Coaching aus der Patengesellschaft
Um die kulturellen Brücken zu stärken, versucht die Fraisa Personalentwicklung und Networking zu verbinden. Vor dem Start der Produktionseinheit am Standort USA beispielsweise kamen die neu rekrutierten technischen Mitarbeiter zunächst für drei Monate in die Fraisa-Serviceeinheit in Deutschland, die für diese Mitarbeiter als „Patengesellschaft“ fungiert. Dort erhielten sie zweimal fünf Wochen Ausbildung, dazwischen hatten sie zwei Wochen frei, in denen sie ihre Familie nach Deutschland einladen konnten. Anschließend begleitete sie der deutsche Produktionsleiter in die USA, um dort mit ihnen gemeinsam den Maschinenpark in Betrieb zu nehmen. Zurück in Deutschland stand er ihnen dann noch zwölf bis 24 Monate als Coach zur Verfügung. Um Sprachbarrieren frühzeitig zu beseitigen, begann Fraisa rund anderthalb Jahre vorher mit der Sprachausbildung der Mitarbeiter in der deutschen Serviceeinheit.

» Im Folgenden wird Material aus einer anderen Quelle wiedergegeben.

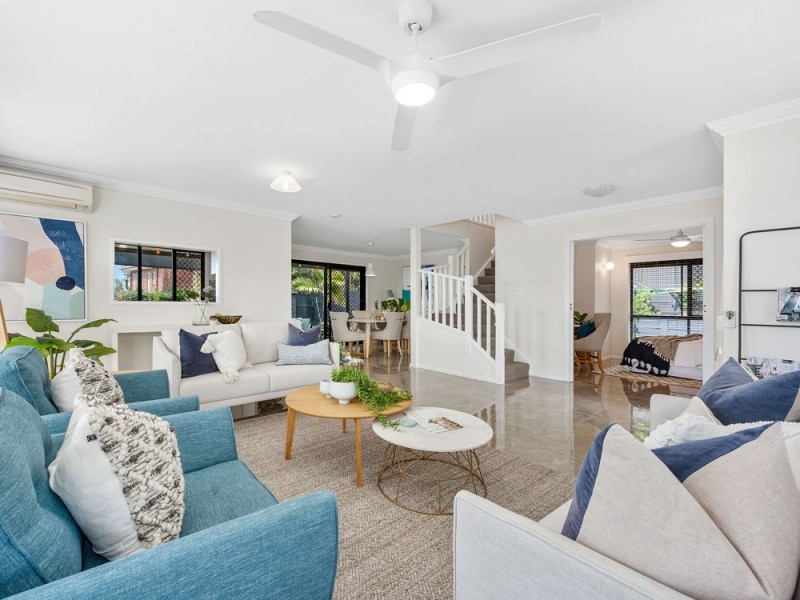 4 Tucana Place, Wynnum QLD 4178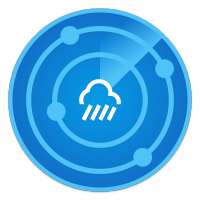 Radar Mendoza (Contingencias) on 9Apps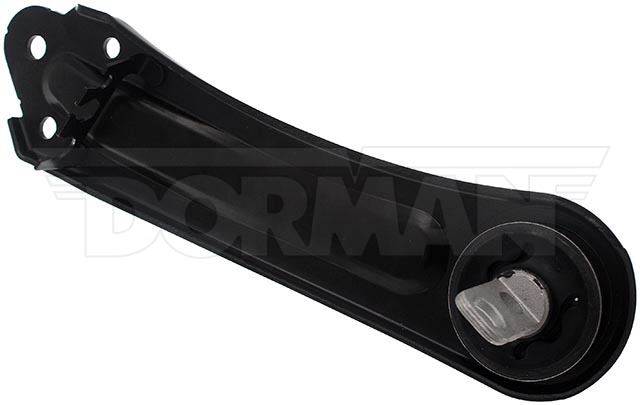Dorman Trailing Arm, Select ™ – CA81564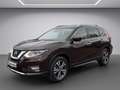 Nissan X-Trail 1.8 dCi N-Connecta 4x4 LED PANO 360° Brown - thumbnail 2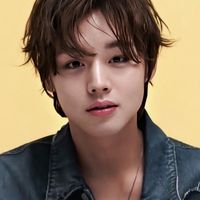 _l0ve_korean_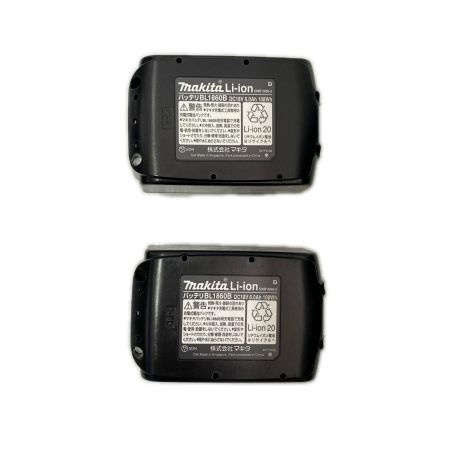  MAKITA マキタ ｲﾝﾊﾟｸﾄﾄﾞﾗｲﾊﾞ TD173DRGX 未使用品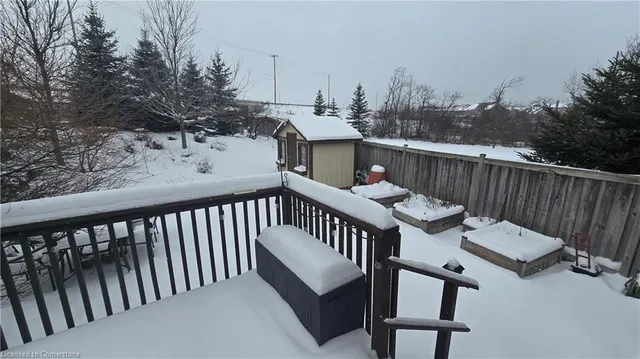 Additional image 44 of 217 Huck Cres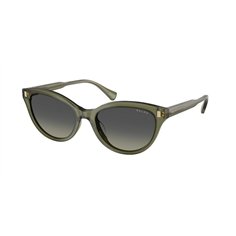 Ralph de Ralph Lauren RA5326U 615911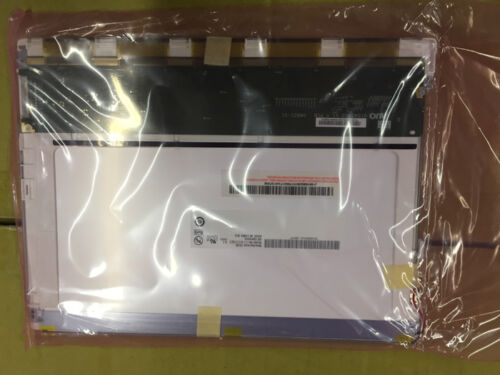 600 1pcs New AUO 10.4 /"LCD PANEL Display G104SN03 V.1 800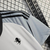 Juventus - Goleiro 24/25 - comprar online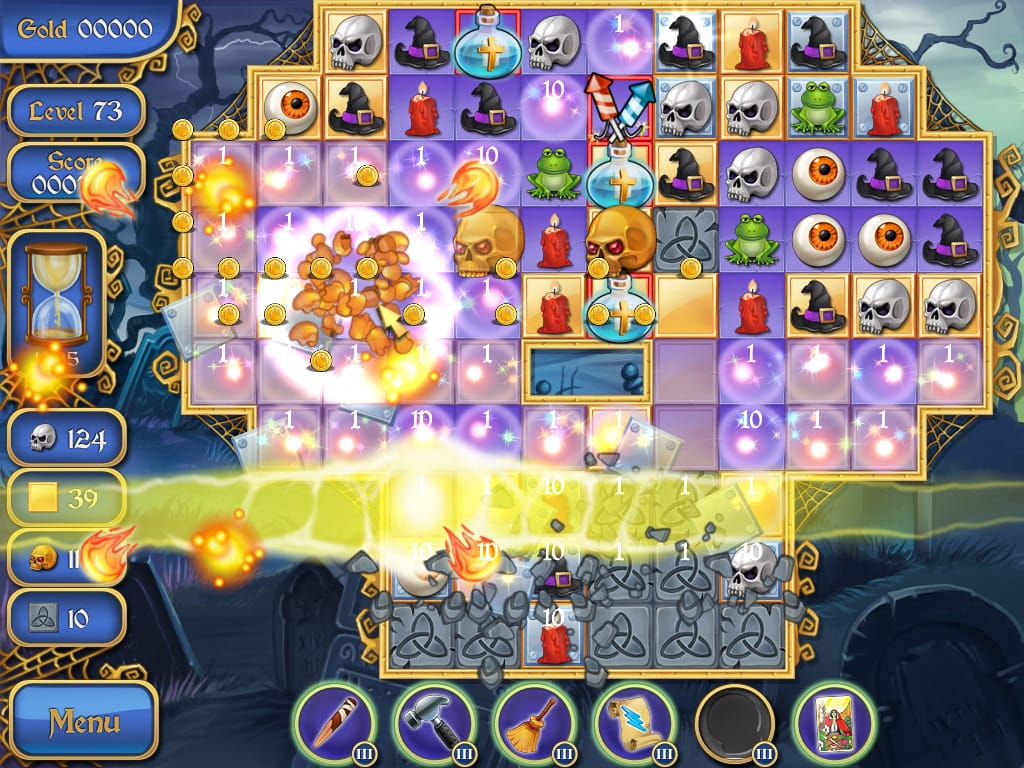 Screenshot 2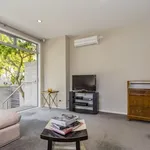 Rent 2 bedroom apartment in Christchurch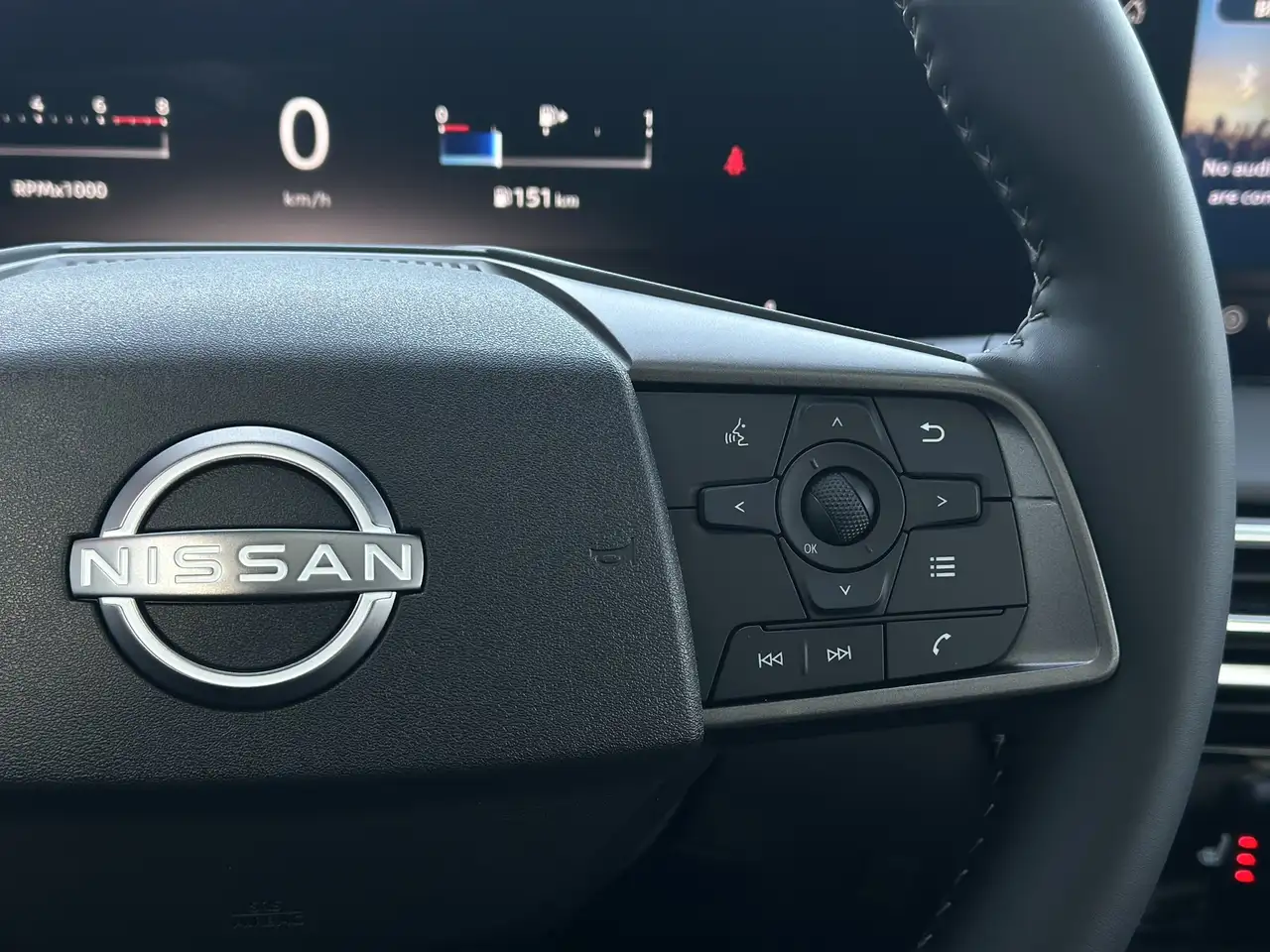 Nissan Sentra снимка Nissan Sentra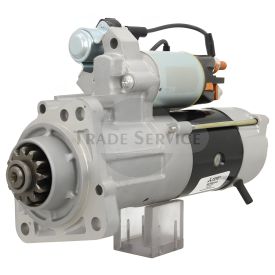 M9T68982 / M009T68982 (AM) Mitsubishi Electric starter motor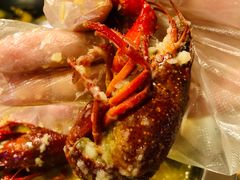 -王红军龙虾(新民路店)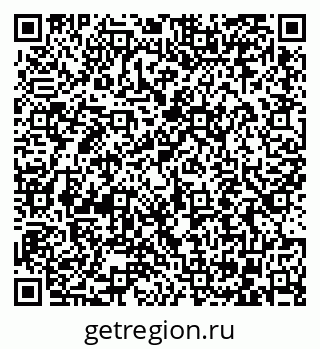 79062215788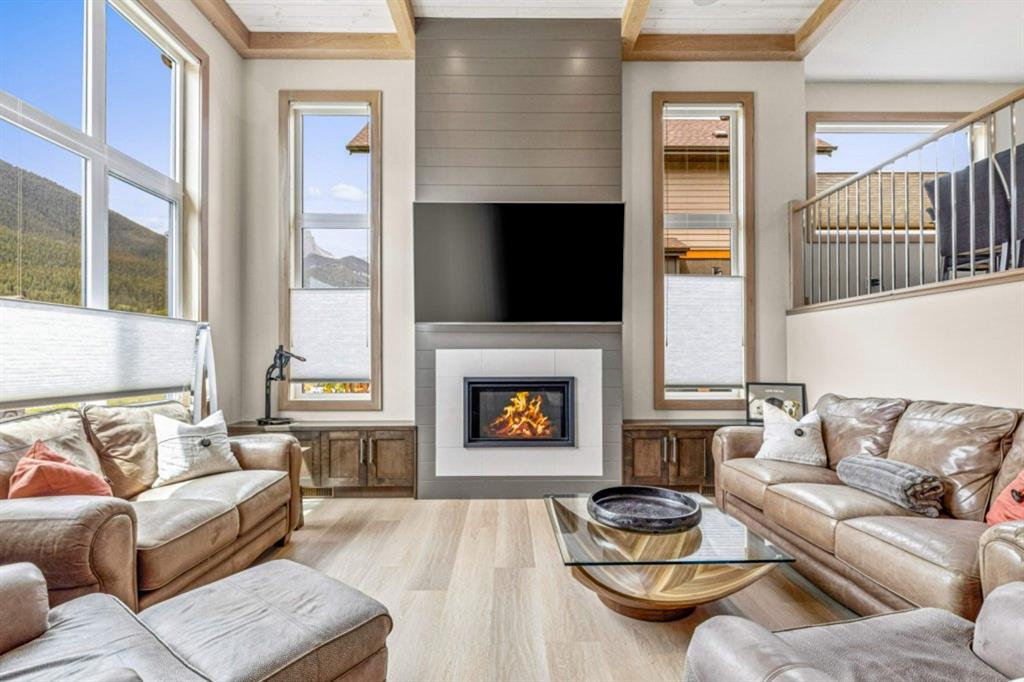 Picture for 1336 Three Sisters Parkway 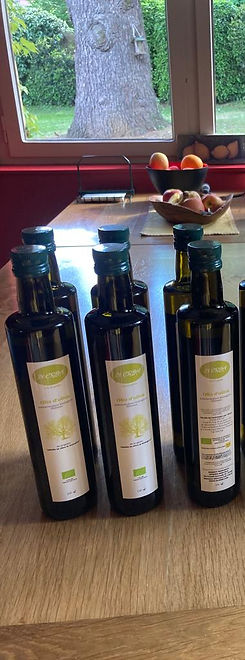 IN ERBA_0,5 liters bottles_edited.jpg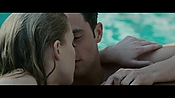 thestepfather07722.jpg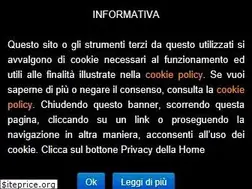 Sites similar to localgenius.eu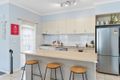 Property photo of 25 Sherbourne Drive Carrum Downs VIC 3201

Wachstumsschwelle: Personal- und Organisationsentwicklung
Besondere Herausforderungen für die Personal- und Organisationsentwicklung erwartet Fraisa vor allem, wenn die Auslandsgesellschaften eine bestimmte Wachstumsschwelle überschreiten. Zu Beginn der Aufbauphase macht jeder Mitarbeiter alles, das heißt, es sind vor allem Pragmatiker gefragt. Mit zunehmender Größe ändert sich dies. Ein Unternehmen mit 30 Mitarbeitern braucht andere Führungstypen wie eines mit drei Mitarbeitern. Das heißt, die Leiter müssen entweder eine persönliche Entwicklung durchmachen oder ausgetauscht werden.
Außerdem müssen mit zunehmender Belegschaft Strukturen geschaffen werden, beispielsweise eine zweite Führungsebene herangebildet und das gewachsene Unternehmen in kleinere Einheiten untergliedert werden. Die Produktionsniederlassung in Ungarn hat mittlerweile 30 Mitarbeiter und damit gerade eine solche Wachstumsschwelle erreicht. Die Führungskräfte der „ersten Stunde“ werden dort durch gezielte Personalentwicklungsmaßnahmen begleitet, damit sie sich vom Vorkämpfer zum Manager entwickeln. Für die Vertriebsniederlassung in den USA (derzeit 14 Mitarbeiter) wird die kritische Wachstumsschwelle für 2007 erwartet. Die Organisation ist darauf bereits vorbereitet. Dort werden die Vertriebsgebiete geografisch unterteilt. Neben dem Geschäftsführer gibt es dann eine zweite Führungsebene aus drei Gebietsverkaufsleitern, denen jeweils drei bis vier Mitarbeiter unterstellt sein werden und die ihren Bereich eigenständig als Profit Center führen.